From fire suppression to natural disaster response, for fire fighters it is essential to prioritise operations and interventions in order to manage the human and material resources available. In search of new technologies to assist their emergency response, in December 2015, the Seine-et-Marne Fire and Emergency Department contacted Parrot. The Bebop 2 met the needs identified in conventional theatres of operation: light and manoeuvrable, the device quickly obtains air imagery which is useful for making decisions in the field. Through the SDIS77 (Fire and Emergency Department 77), Commander Olivier Compta, responsible for the drone project, wanted to use drones more systematically to optimise different field initiatives. They would be one of first French Fire and Emergency Departments authorised to practise rapid and effective air inspections.
Towards the end of March 2016, heavy rain in the Paris region caused dangerous levels of flooding in several towns. On 2 June 2016, the flood peak was announced. On the same day, Parrot joined the firemen at flood locations with three pilots and more than 24 drones. In anticipation of the flood peak, the fire brigade foresaw the extra need for local aerial shots. Parrot contacted pilots Boris Schoene, Julien Raison and Jody Vandenschrick who joined the teams in the field for three days.
The identification of flooded locations is important in crisis management. Air shots monitored the gradual rise in water levels and made it possible to decide whether or not to launch an intervention, to rectify the flood recession forecasts and to deploy resources in the most relevant areas.
The most useful function was live video feedback. The fire brigade operational centre (CODIS) uses such videos in real time to anticipate situations. For this purpose, the teams had an instant video transmission module with the sending capacity of 8 SIM cards. Connected to the Skycontroller’s HDMI port, this live streaming solution was a key component of operational success.

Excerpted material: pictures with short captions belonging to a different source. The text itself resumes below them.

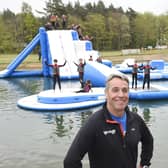Gullane Under 11’s Football Team make a splash at Foxlake Adventures as they rise to the challenge to test the new 100m Aqua Park.  Pictured with the team are James Barbour (Director Foxlake Adventures) and Forth One’s Arlene Stewart. Pic Greg Macvean 05/05/2023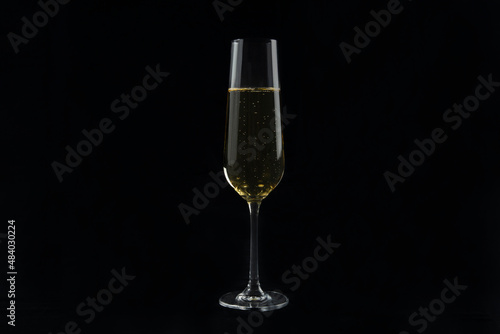 Champagne glasses on a black background.Alcoholic beverages.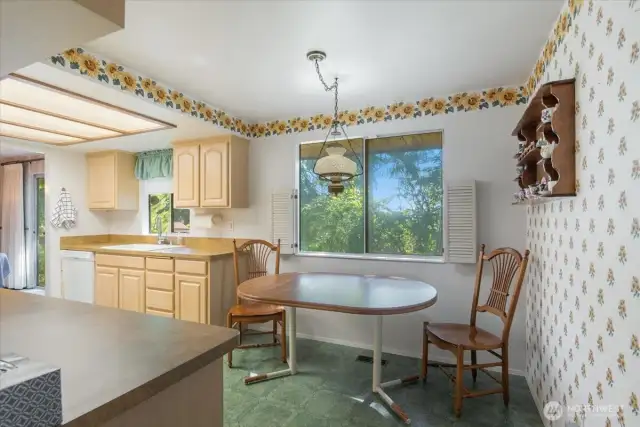 Kitchen offers room for a breakfast table.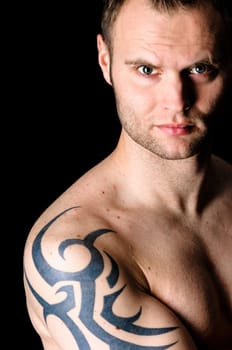 Young man showing his tribal tattoo on his shoulder, isolatad against black background.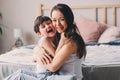 Mother playing with child son in bedroom. Happy family wearing pajamas Royalty Free Stock Photo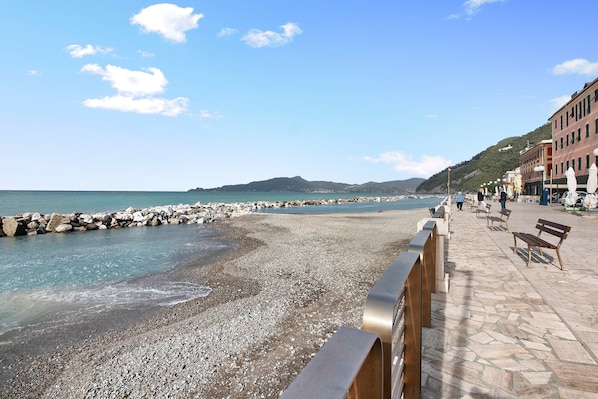A pebble beach with a stone walkway, benches, and buildings along the coast. - Apartment close to the Sea with Sea View & Wi-Fi (Chiavari)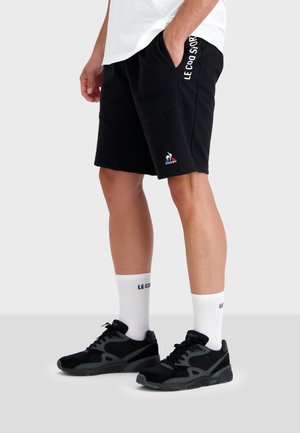 Shorts sportivi neri con tasche laterali, caratterizzati dal testo bianco "LE COQ SPORTIF". Abbinati a calze bianche a crew e sneakers nere.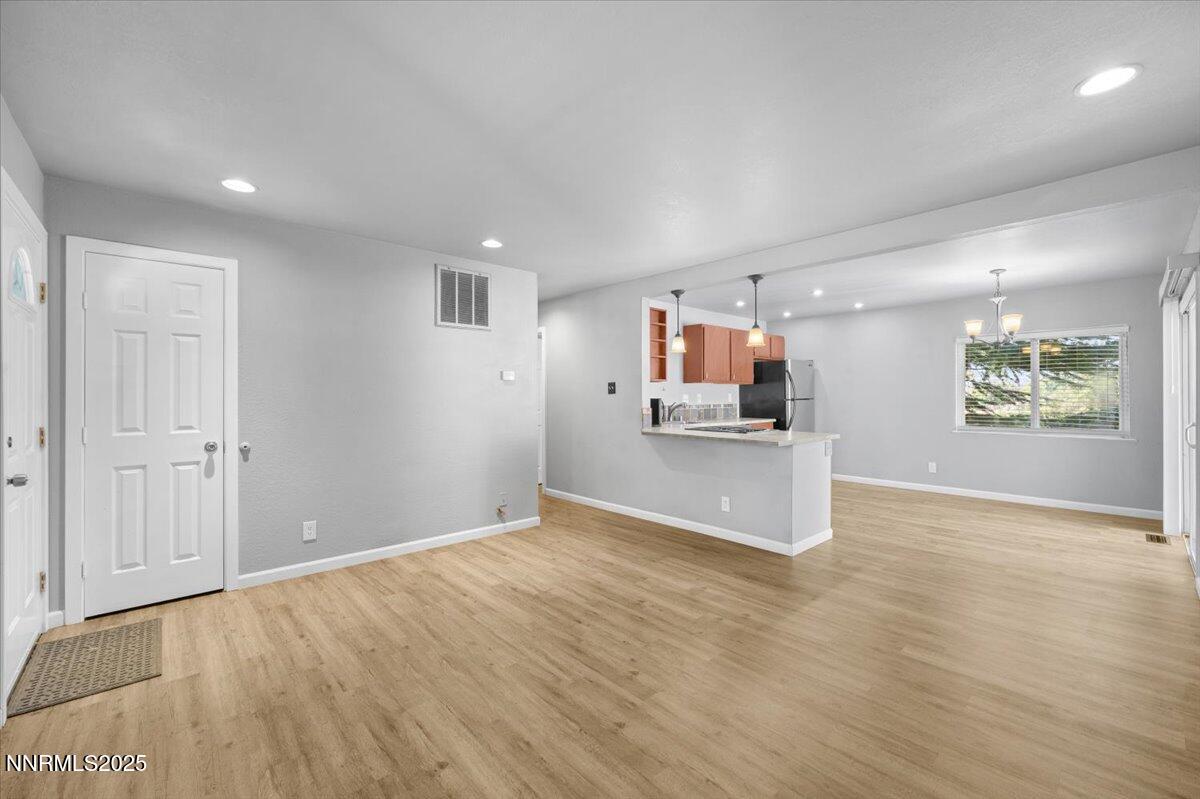 3080 Slater Avenue Reno, NV 89503 - Photo 3 of 17 a view of kitchen and hall with wooden floor and a kitchen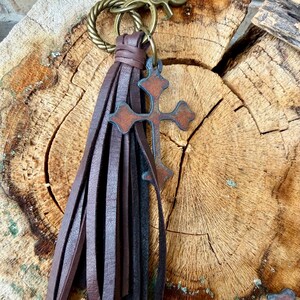 Op de afbeelding: Een donkerbruine leren kwast-sleutelhanger met een decoratieve metalen kruisbedel met een roestige afwerking. De kwast is bevestigd aan een gedraaide messingkleurige metalen ring en een karabijnhaak, een functioneel accessoire.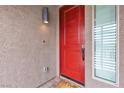 A striking red front door is complemented by a contemporary exterior light fixture at 11228 Burning River St, Las Vegas, NV 89183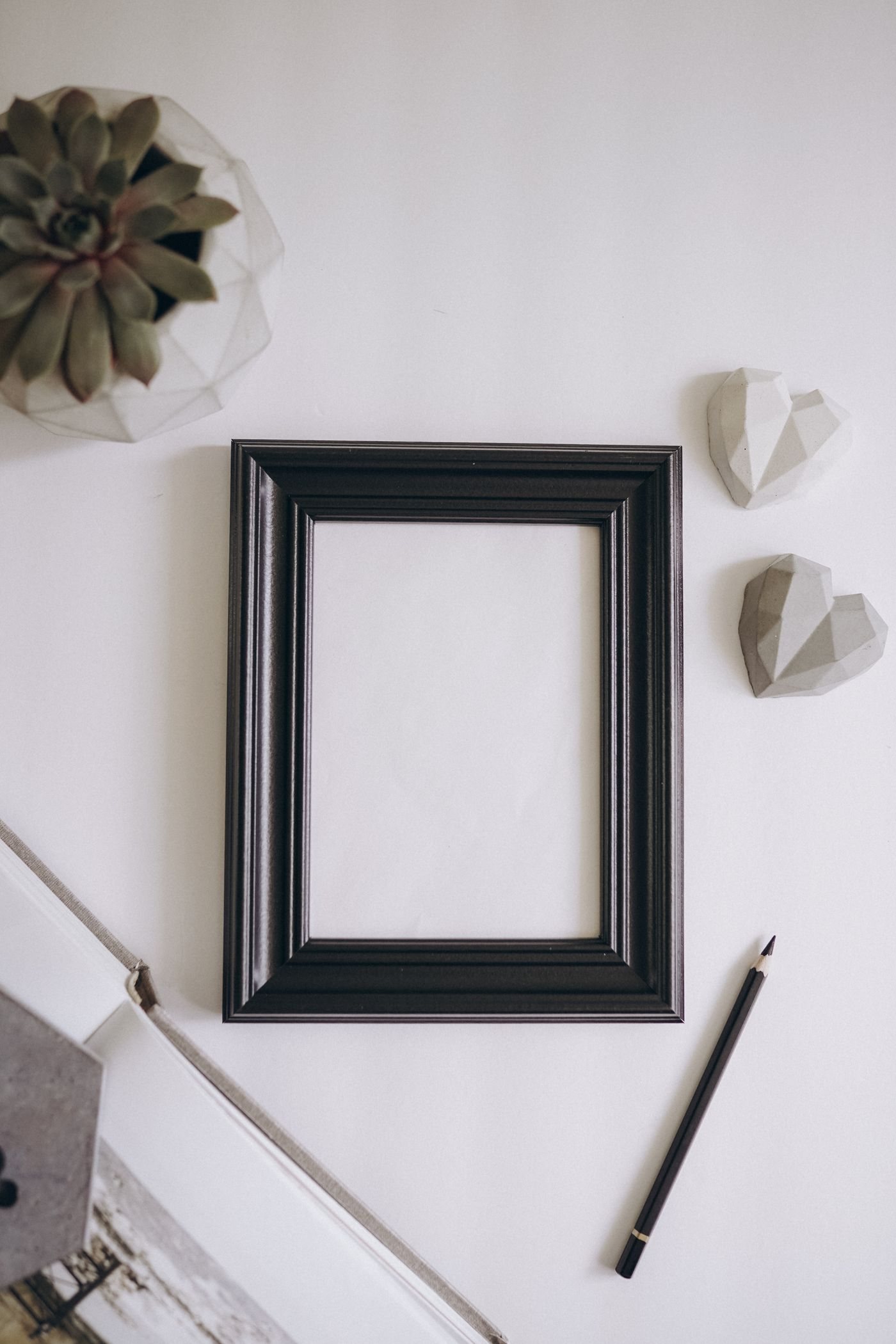 An empty picture frame resting on a table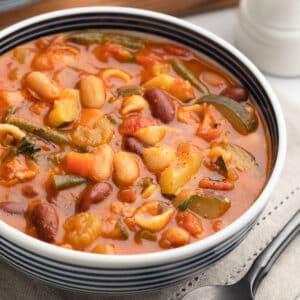 minestrone soup in a blue and white striped bowl on a taupe napkin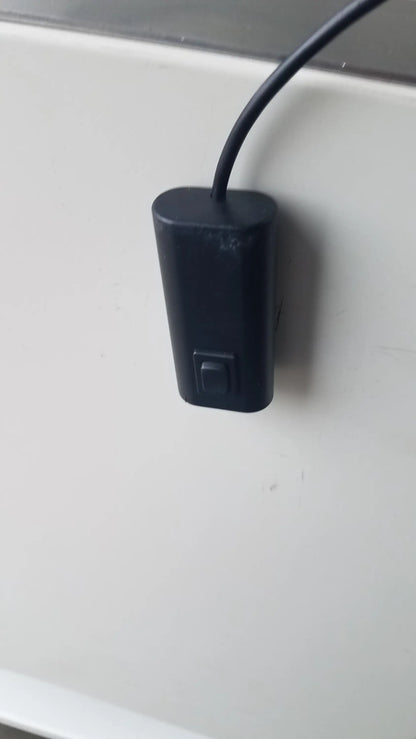 Black rectangular power adapter with single button for baker ss-600 sterilshield positive pressure isolator 115v pressure isolator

Air shots offer an ideal solution for mapping locations. Today, two complementary solutions can be adopted in the field: a helicopter and a drone. While helicopters are essential in rescue missions – for transporting people and for general mapping covering long distances – it is preferable to use a drone for pure identification missions to optimise deployment times and costs. Manoeuvrable and responsive, drones are fit for that purpose. The distribution of several devices over several strategic areas offers precise air coverage, which is all the more effective as it is paired with real-time video feedback.